Anyway could turn useful and fast in some cases.
Thanks
bye
What we do is:
Hi Manjuna,
Thanks for your suggestion, it seems interesting too.
Which sweep profile do you use in that case, to be sure it always cover the weld volume? (if you have an example to attach would be great).
Bye
See attached example.
Instead of sweep i used projected curves and Boundary blend option. Its quick.
Hi Manjuna,
thanks for your file, but I cannot open it...which version do you have? I have 2.0 M110.
bye
Sorry that was in Creo 4 m30.
I have attached the Creo 2 M180 version.
Hi Manjuna,
thanks for your file, we are upgrading to 3.0 (hope as soon as possible), how is the 4.0? does it have bugs or things to be fixed?
Anyway, I took a look and fillet seems to be well shaped. Since we have the basic license, the copy geometry option is greyed out in our software. But I can easily do it (as did in my post) with a copy-paste of surfaces:
What are the differences between this copy-paste and your copy geometry?
Also, I found that I don't have to use the trims...just have to merge the two pipes surfaces and then this to the boundary blend and it works fine.
I am also trying to make a UDF out of it, if possible.
Bye
We are still on Creo 2 M180. But we will be moving to Creo 4 shortly and Iam working on the evaluation of this version. There are some known bugs that are getting fixed in the coming builds but as a whole 4.0 has much more options and flexible in using.
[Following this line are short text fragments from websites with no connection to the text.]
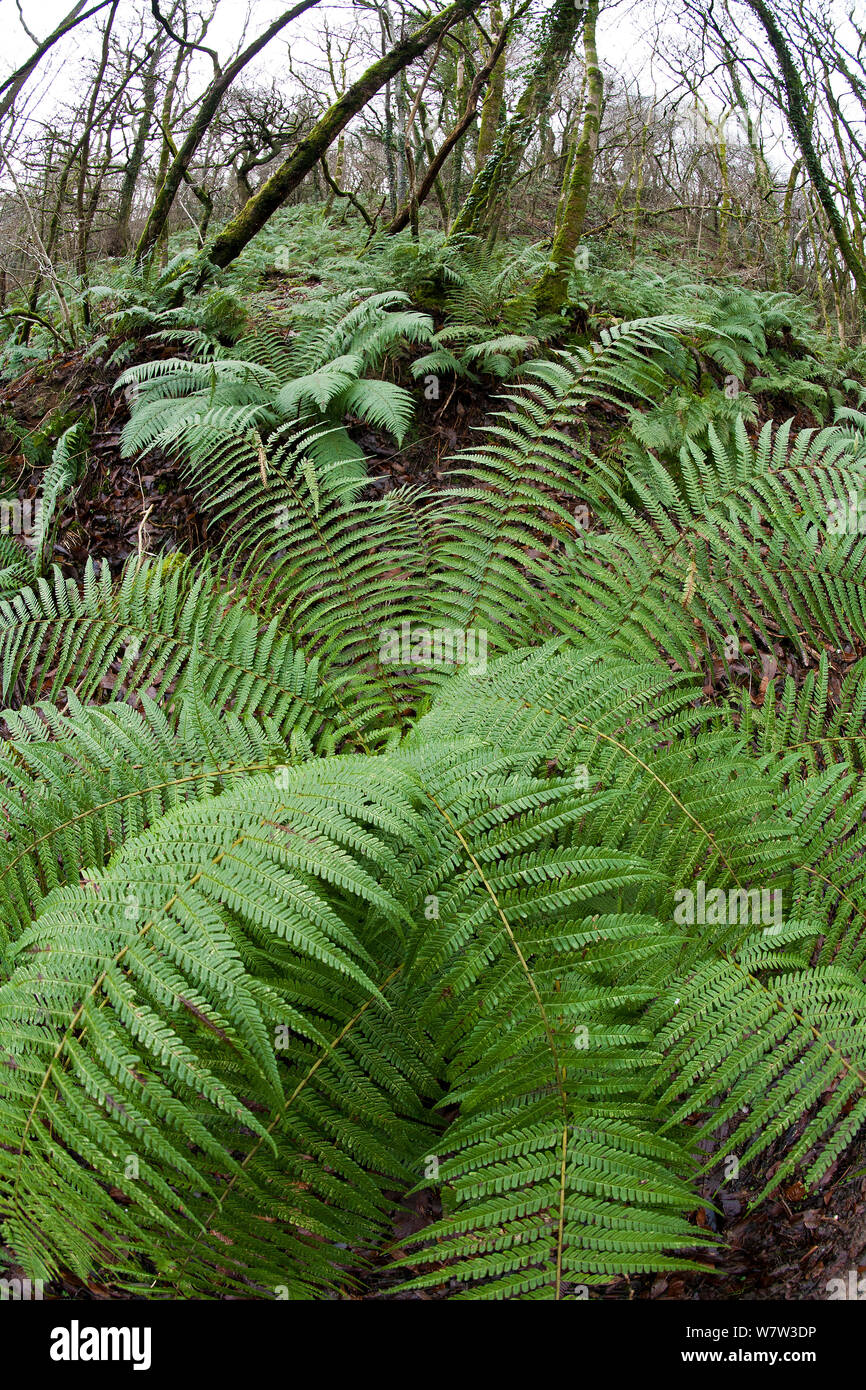 Amplio ángulo de visión de helecho macho (dryopteris filix-mas) con extender la roseta de hojas, creciendo en bosques caducifolios deshojado en Devon, Reino Unido, diciembre de 2013. Foto de stock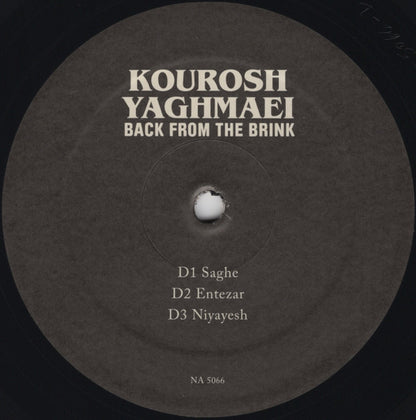 Back From The Brink (Pre-Revolution Psychedelic Rock From Iran: 1973-1979)(2xVINYL) | - ROCK *SEALED*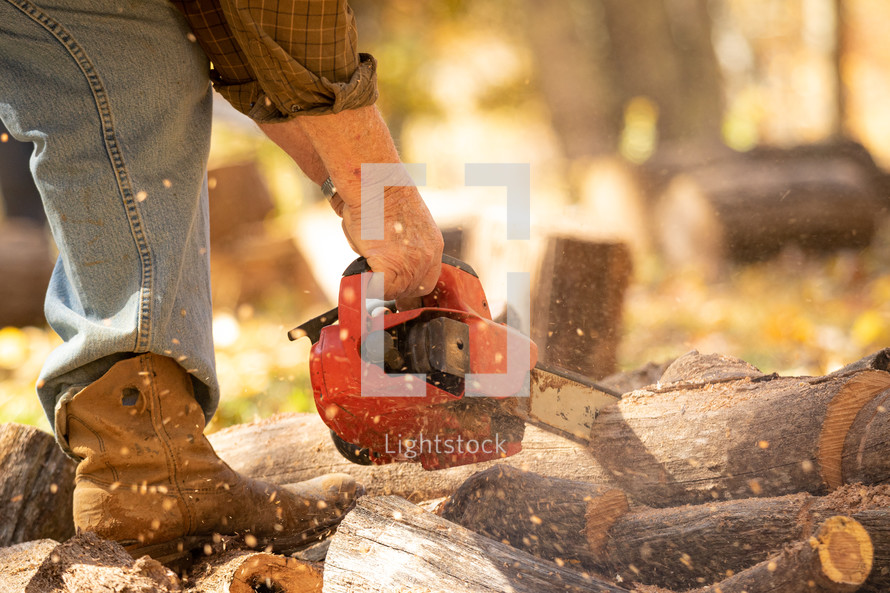 Man with chainsaw cutting up a tree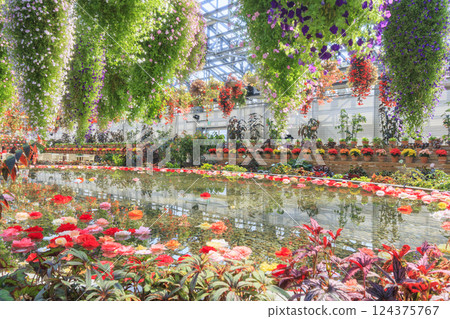 長野村海棠花園 長野村海棠花園 124375767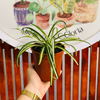 Cinta Verde - Chlorophytum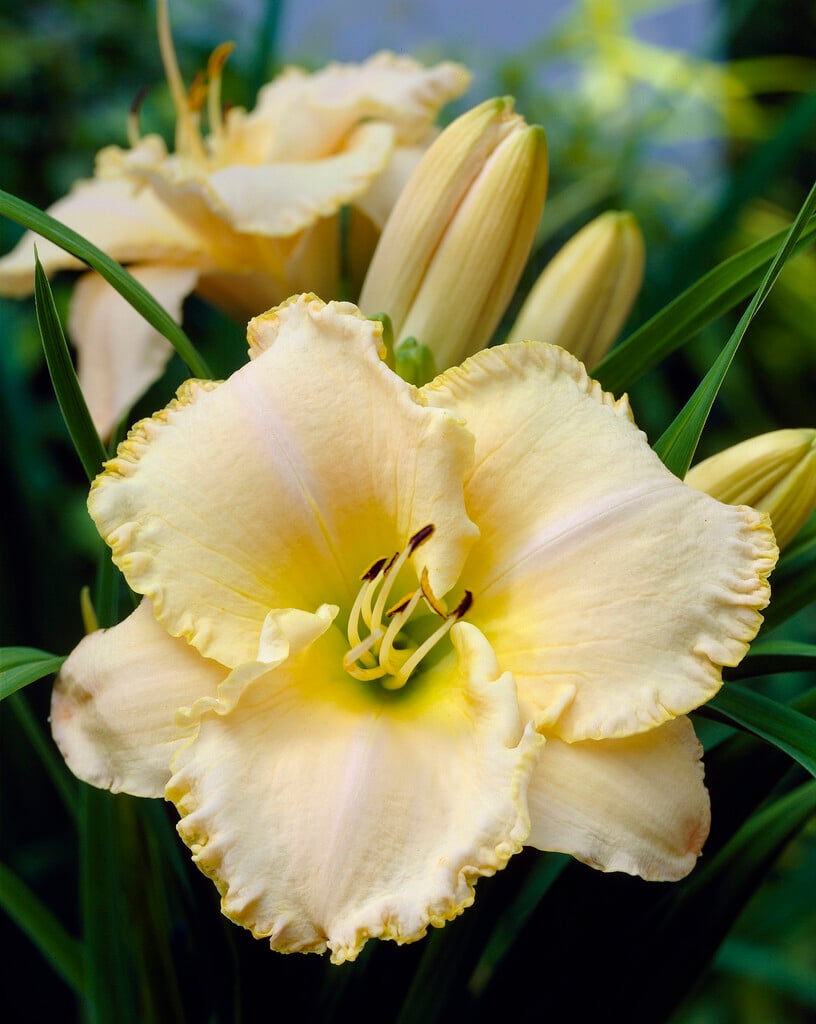 daylily 'Glacier Bay'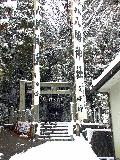 The Snow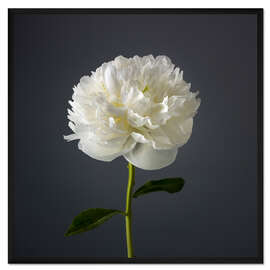 Gerahmter Kunstdruck Weiße Pfingstrose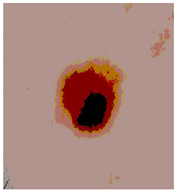 Diagnostics 13 02958 i091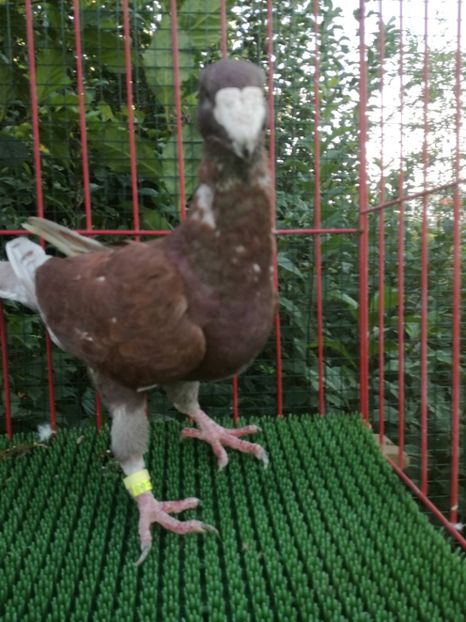  - De vanzare toamna 2020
On the trim question, usually there will be a small gap between 2 weld parts and we follow a .02" gap. So to merge the two surfaces, i need to use the trim option and then merge.
Ok, so you are doing the double upgrading at once. I am curious about the 4th.
Concerning the trims I was refering to my trims in my solution post...with your example I saw that I can avoid making them, and join everything directly with merge->intersect option. Comfy!
Thanks
I wasn't talking about making a round in the assembly, but creating a new part that only contains the solid geometry for the fillet. The full list of steps for this would be:
(1) Create a new part in the assembly.
(2) "Activate" that part, so any features you create are in it, not the assembly.
(3) Using the tubes you already have in the assembly, make two features that are solid cylinders along those tubes, intersecting each other as in the assembly.
(4) Add the round to the intersection of the two cylinders.
(5) Make two features identical to the original two, but use these to cut away the cylindrical bodies.
The result is the fillet as an isolated model. Assign it the correct material properties, etc. Hopefully this is what you were looking for, originally.
Hi Ken,
Yes I knew you didn't mention the round in the assembly, i was just reporting that as my initial "ideal" solution.
Anyway many thanks, that can be a possible solution too!
Bye
Hi pkloninger-2,
thanks for your message, could be interesting for someone. However, I was more searching for a way to draft the geometry of the weld, than the criteria/formulas for the calculations to perform.
How did you draft the welds?is it an assembly or a part?